FESTIVAL DE TADJOURAH : Détournement d’un évènement culturel et économique

Le Festival de Tadjourah, créé avec l’ambition de célébrer et de valoriser le riche patrimoine culturel afar, semble aujourd’hui s’éloigner dramatiquement de ses objectifs originaux. Conçu pour rassembler les communautés autour d’une identité culturelle commune, cet événement est accusé d’être devenu un instrument au service d’une propagande politique orchestrée par les dirigeants en place.

Un détournement au profit d’intérêts partisans

L’édition de cette année a suscité une vague de critiques, notamment après le retrait des principaux fondateurs du festival. Ces derniers dénoncent un manque flagrant de respect pour les valeurs fondatrices et accusent deux figures proches du pouvoir, MM. Bachir Maki et Ali Mohamed Dini, d’avoir pris le contrôle de l’organisation. Leur objectif, selon les fondateurs démissionnaires : transformer ce rendez-vous culturel en un outil de promotion électorale, à quelques mois des présidentielles.

Le thème imposé cette année, « Politique de fraternité des peuples et diversité culturelle », soulève des interrogations. Perçu par beaucoup comme une tentative de récupération politique, ce choix illustre l’effort du gouvernement pour utiliser la culture comme levier d’un message d’unité – un message qui, selon certains observateurs, masque mal des intérêts économiques et politiques bien plus pragmatiques.

Un cadre excluant et orienté

Les critiques ne s’arrêtent pas là. Lors d’une cérémonie récente organisée à Djibouti-Ville pour célébrer l’inscription du xeer issa au patrimoine immatériel de l’UNESCO, aucun historien afar n’a été invité. Cette absence de concertation a suscité de vives réactions : pourquoi imposer un thème à un festival à vocation locale sans inclure les experts et acteurs de la communauté concernée ? Cette situation alimente les accusations de marginalisation culturelle, dans un contexte où les initiatives afar peinent à obtenir un soutien institutionnel.

En outre, les difficultés financières rencontrées par le festival sont aggravées par les conditions imposées par le ministère de la Culture. Selon les organisateurs, ces contraintes servent à restreindre leur liberté de manœuvre et à accentuer le contrôle étatique sur l’événement.

Une politisation manifeste

Plusieurs éléments confirment la politisation du Festival de Tadjourah. L’omniprésence de personnalités politiques, les discours prononcés en français et l’absence de figures critiques, comme l’historien Aramis Soulé, démontrent une volonté claire de contrôler le narratif de l’événement. Les discours officiels mettent en avant les réalisations du gouvernement, reléguant au second plan la richesse et la diversité des contributions culturelles locales.

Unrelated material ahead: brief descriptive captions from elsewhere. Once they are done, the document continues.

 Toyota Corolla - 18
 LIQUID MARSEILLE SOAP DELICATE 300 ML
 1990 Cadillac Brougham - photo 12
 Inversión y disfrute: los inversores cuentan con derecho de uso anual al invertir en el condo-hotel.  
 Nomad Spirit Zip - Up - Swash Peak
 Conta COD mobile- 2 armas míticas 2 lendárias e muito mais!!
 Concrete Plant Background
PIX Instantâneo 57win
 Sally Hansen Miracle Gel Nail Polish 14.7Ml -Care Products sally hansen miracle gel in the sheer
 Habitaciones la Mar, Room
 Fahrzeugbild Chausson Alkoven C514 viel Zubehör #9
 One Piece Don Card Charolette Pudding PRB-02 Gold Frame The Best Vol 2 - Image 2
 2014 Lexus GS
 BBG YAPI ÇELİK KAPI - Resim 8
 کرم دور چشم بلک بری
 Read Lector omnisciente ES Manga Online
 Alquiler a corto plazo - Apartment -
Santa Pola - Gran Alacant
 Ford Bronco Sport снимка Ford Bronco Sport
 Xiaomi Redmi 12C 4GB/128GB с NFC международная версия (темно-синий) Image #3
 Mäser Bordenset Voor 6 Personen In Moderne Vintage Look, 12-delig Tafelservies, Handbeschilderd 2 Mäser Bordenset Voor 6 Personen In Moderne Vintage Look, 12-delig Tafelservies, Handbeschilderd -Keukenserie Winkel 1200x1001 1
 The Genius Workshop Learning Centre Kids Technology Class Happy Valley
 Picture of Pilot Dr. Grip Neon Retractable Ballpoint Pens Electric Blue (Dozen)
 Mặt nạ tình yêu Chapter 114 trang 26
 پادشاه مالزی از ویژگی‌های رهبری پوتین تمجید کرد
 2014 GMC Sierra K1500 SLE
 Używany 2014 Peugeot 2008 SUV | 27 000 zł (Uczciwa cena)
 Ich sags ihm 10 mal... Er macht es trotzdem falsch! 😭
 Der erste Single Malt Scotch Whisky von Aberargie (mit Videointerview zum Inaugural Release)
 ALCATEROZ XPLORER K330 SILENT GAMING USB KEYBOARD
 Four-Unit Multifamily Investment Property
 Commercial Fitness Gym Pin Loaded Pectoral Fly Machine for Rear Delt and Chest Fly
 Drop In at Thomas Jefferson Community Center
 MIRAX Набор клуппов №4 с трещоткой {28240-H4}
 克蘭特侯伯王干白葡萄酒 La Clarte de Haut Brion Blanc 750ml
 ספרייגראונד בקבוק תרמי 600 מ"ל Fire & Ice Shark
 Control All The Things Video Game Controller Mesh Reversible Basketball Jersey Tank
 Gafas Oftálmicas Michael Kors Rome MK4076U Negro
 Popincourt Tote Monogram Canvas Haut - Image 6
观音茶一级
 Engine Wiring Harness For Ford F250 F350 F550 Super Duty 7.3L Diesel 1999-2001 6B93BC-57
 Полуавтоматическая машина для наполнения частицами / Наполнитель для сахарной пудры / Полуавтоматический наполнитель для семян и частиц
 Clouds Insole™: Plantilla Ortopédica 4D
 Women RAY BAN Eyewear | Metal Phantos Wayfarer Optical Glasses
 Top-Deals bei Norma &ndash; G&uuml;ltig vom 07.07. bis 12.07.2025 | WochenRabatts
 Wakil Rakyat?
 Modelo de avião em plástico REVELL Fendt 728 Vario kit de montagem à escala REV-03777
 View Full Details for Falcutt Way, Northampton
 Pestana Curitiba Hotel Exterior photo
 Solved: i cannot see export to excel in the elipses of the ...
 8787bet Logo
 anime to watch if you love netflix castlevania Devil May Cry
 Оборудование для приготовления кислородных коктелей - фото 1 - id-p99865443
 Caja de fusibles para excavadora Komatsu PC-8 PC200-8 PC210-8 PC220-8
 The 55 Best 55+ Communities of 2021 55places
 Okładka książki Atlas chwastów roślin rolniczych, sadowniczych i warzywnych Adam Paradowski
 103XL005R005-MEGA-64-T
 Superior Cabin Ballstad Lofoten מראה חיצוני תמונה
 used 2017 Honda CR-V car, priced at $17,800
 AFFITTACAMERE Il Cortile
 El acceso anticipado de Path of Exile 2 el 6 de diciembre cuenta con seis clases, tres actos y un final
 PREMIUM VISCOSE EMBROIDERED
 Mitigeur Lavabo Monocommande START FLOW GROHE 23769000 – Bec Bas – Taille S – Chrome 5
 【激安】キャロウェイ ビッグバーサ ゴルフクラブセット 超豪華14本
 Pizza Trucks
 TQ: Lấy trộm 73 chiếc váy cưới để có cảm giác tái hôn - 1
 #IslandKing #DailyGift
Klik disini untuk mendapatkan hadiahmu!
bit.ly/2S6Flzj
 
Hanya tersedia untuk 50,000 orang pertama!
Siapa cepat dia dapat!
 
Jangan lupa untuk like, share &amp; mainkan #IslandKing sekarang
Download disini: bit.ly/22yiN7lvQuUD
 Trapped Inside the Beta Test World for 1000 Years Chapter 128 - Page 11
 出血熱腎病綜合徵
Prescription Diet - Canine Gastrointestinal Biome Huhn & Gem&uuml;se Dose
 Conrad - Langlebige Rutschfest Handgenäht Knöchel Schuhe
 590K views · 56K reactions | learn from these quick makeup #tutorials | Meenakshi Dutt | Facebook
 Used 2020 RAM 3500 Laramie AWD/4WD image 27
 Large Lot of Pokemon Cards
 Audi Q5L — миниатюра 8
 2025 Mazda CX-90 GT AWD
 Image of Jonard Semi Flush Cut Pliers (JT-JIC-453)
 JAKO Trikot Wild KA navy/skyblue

Des enjeux économiques dissimulés

Derrière cette politisation se cache un volet économique. Les contrats liés à l’organisation de l’événement bénéficieraient largement à des acteurs économiques proches du pouvoir. Le financement des projets culturels est ainsi orienté vers des initiatives qui servent les intérêts économiques et politiques d’une élite restreinte, au détriment des efforts visant à développer durablement la scène culturelle locale.

Une fracture croissante

Cette instrumentalisation du Festival de Tadjourah contribue à creuser la fracture entre le pouvoir et les communautés locales. La méfiance s’installe parmi les citoyens, qui voient dans ces événements davantage une opération de propagande qu’une célébration authentique de leur patrimoine. Les initiatives indépendantes, pour leur part, peinent à survivre face à un écosystème verrouillé par l’Etat.

Reprendre le contrôle du narratif culturel

Pour restaurer la crédibilité du Festival de Tadjourah, il est essentiel de dépolitiser l’événement et de garantir une gestion transparente et inclusive. Cela passe par une consultation réelle des acteurs locaux, un soutien équitable aux initiatives culturelles indépendantes et une redistribution plus juste des ressources. Sans ces mesures, cet événement culturel, jadis symbole de fierté collective, risque de devenir un simple outil au service des intérêts étroits d’une élite politique et économique.